Re: Commits (with openSearcher = true) are too slow in solr 8

2020-12-06 Thread raj.yadav
Hi Everyone,


matthew sporleder wrote
> Are you stuck in iowait during that commit?

During commit operation, there is no iowait.
Infact most of the time cpu utilization percentage is very low.

/*As I mentioned in my previous post that we are getting `SolrCmdDistributor
org.apache.solr.client.solrj.SolrServerException: Timeout occured while
waiting response from server` and `DistributedZkUpdateProcessor` ERROR on
one of the shards. And this error is always occurring on the shard that is
used (in culr command) to issue commit. (See below example for better
understanding)*/

Here is shard and corresponding node details:
shard1_0=>solr_199
shard1_1=>solr_200
shard2_0=> solr_254
shard2_1=> solr_132
shard3_0=>solr_133
shard3_1=>solr_198

We are using the following command to issue commit:
/curl
"http://solr_node:8389/solr/my_collection/update?openSearcher=true=true=json"/

For example, in the above command, if we replace solr_node with solr_254,
then it's throwing SolrCmdDistributor and DistributedZkUpdateProcessor
errors on shard2_0. Similarly, if we replace solr_node with solr_200 its
throws errors on shard1_1.

*I'm not able to figure out why this is happening. Is there any connection
timeout setting that is affecting this? Is there any limit that, at a time
only N number of shards can run commit ops simultaneously or is it some
network related issue?*


For a better understanding of what's happening in SOLR logs. I will
demonstrate here one commit operation.

I used the below command to issue commit at `2020-12-06 18:37:40` (approx)
curl
"http://solr_200:8389/solr/my_collection/update?openSearcher=true=true=json;


/*shard2_0 (node: solr_254) Logs:*/


*Commit is received at `2020-12-06 18:37:47` and got over by `2020-12-06
18:37:47` since there were no changes to commit. And CPU utilization during
the whole period is around 2%.*


2020-12-06 18:37:47.023 INFO  (qtp2034610694-31355) [c:my_collection
s:shard2_0 r:core_node13 x:my_collection_shard2_0_replica_n11]
o.a.s.u.DirectUpdateHandler2 start
commit{_version_=1685355093842460672,optimize=false,ope
nSearcher=true,waitSearcher=true,expungeDeletes=false,softCommit=false,prepareCommit=false}
2020-12-06 18:37:47.023 INFO No uncommitted changes.
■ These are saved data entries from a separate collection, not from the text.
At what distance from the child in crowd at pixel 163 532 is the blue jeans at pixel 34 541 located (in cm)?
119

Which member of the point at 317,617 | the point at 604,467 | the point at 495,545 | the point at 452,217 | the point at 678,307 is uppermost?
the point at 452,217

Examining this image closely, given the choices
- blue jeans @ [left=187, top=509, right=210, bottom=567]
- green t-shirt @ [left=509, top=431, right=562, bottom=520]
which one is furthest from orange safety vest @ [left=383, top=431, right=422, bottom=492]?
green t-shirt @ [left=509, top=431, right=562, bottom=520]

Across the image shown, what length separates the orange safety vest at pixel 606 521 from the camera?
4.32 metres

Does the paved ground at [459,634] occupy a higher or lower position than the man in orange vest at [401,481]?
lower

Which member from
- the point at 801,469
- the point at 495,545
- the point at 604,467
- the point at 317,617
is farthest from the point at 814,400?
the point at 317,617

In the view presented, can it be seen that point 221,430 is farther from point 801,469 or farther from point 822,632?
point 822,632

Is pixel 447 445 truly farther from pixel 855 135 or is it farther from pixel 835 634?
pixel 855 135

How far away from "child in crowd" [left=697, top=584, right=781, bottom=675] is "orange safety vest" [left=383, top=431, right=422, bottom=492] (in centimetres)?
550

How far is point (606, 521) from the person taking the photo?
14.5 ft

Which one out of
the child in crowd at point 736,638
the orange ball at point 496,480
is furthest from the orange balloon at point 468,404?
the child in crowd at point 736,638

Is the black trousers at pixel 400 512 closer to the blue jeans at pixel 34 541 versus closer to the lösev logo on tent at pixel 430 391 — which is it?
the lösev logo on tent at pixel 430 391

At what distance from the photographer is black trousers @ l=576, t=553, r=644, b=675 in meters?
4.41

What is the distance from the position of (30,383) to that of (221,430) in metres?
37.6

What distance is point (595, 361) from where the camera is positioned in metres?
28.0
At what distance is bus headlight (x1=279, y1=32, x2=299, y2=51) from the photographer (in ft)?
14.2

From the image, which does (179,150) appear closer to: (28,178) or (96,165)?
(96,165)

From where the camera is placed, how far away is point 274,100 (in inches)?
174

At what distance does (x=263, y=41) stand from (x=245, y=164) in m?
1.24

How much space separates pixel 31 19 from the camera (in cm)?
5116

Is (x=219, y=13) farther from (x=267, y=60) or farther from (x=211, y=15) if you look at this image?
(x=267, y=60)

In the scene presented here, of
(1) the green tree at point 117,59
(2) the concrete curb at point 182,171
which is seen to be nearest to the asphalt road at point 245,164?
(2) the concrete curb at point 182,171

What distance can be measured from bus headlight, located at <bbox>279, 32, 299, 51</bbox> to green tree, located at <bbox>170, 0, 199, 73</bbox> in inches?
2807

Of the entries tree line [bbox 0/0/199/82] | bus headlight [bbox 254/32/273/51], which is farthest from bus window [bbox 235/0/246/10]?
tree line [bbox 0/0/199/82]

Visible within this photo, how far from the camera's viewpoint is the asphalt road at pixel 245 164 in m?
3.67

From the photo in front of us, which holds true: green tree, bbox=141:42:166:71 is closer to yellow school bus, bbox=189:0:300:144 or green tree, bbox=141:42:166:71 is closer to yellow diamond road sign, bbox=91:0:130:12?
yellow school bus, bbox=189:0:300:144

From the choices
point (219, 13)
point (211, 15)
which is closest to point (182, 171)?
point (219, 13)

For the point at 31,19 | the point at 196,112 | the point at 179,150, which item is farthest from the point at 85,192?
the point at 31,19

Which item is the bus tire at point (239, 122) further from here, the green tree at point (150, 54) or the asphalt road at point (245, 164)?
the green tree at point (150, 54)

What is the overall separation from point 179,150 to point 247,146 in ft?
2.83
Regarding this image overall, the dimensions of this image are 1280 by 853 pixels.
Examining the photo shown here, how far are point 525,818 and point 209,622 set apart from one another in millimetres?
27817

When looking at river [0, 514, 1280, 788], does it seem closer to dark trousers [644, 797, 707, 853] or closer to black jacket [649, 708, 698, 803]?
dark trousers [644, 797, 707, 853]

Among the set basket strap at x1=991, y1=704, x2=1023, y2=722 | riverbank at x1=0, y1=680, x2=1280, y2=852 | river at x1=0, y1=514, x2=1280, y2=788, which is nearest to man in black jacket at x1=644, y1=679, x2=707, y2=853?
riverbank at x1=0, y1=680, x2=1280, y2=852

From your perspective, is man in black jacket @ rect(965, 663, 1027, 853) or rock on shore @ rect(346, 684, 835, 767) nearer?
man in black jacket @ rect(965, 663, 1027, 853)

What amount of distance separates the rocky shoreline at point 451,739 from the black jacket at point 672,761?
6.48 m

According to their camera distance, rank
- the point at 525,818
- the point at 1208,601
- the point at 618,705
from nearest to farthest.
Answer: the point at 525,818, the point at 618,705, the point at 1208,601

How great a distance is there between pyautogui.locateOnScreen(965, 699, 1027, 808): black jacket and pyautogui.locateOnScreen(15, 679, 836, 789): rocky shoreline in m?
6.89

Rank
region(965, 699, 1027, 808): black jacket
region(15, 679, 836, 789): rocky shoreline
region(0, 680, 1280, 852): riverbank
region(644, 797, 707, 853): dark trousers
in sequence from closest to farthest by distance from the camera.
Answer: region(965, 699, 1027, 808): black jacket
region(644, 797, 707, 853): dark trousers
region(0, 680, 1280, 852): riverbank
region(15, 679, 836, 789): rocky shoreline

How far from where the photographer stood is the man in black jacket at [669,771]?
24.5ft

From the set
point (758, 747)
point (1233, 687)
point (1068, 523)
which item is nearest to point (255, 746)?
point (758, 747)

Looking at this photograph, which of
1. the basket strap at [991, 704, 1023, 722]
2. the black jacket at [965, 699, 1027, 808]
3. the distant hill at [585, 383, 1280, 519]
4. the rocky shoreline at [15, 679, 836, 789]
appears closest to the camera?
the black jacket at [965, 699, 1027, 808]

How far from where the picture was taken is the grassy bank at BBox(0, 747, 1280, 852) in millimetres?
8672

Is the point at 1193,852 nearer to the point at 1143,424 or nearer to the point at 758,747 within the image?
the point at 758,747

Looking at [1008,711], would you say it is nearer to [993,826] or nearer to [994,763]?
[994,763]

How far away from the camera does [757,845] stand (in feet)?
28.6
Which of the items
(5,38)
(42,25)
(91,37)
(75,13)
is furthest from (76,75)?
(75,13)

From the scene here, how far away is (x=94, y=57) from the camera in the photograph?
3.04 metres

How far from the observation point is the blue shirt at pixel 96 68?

Skipping IW.commit.
2020-12-06 18:37:47.023 INFO end_commit_flush
2020-12-06 18:37:47.023 INFO  (qtp2034610694-31355) [c:my_collection
s:shard2_0 r:core_node13 x:my_collection_shard2_0_replica_n11]
o.a.s.u.p.LogUpdateProcessorFactory [my_collection_shard2_0_replica_n11] 
webapp=/solr path=/update

params={update.distrib=TOLEADER=true=true=true=false=http://solr_200:8389/solr/my_collection_shard1_1_replica_n19/_end_point=leaders=javabi
n=2=false}{commit=} 0 3

/*shard2_1 (node: solr_132) Logs:*/

*Commit is received at `2020-12-06 18:37:47` and got over by `2020-12-06
18:50:46` in between there were some external file reloading operations (our
solr-5.4.2 system is also taking similar time to reload external files so
right now this is not a major concern for us)
CPU utilization before commit (i.e `2020-12-06 18:37:47` timestamp) is 2%
and between commit ops (i.e from `2020-12-06 18:37:47`  to `2020-12-06
18:50:46` timestamp) is 14% and after commit operation is done it agains
fall back to 2%*


2020-12-06 18:37:47.024 INFO  (qtp2034610694-30058) [c:my_collection
s:shard2_1 r:core_node22 x:my_collection_shard2_1_replica_n21]
o.a.s.u.DirectUpdateHandler2 start
commit{_version_=1685355093844557824,optimize=false,openSearcher=true,waitSearcher=true,expungeDeletes=false,softCommit=false,prepareCommit=false}

2020-12-06 18:50:46.218 INFO  (qtp2034610694-30058) [c:my_collection
s:shard2_1 r:core_node22 x:my_collection_shard2_1_replica_n21]
o.a.s.u.p.LogUpdateProcessorFactory [my_collection_shard2_1_replica_n21] 
webapp=/solr path=/update
params={update.distrib=TOLEADER=true=true=true=false=http://solr_200:8389/solr/my_collection_shard1_1_replica_n19/_end_point=leaders=javabin=2=false}{commit=}
0 779196


/*shard3_0 (node: solr_133) logs*/

Same as shard2_1, commit received at `2020-12-06 18:37:47` and got over by
`2020-12-06 18:49:24`.
CPU utilization pattern is same is shard2_1.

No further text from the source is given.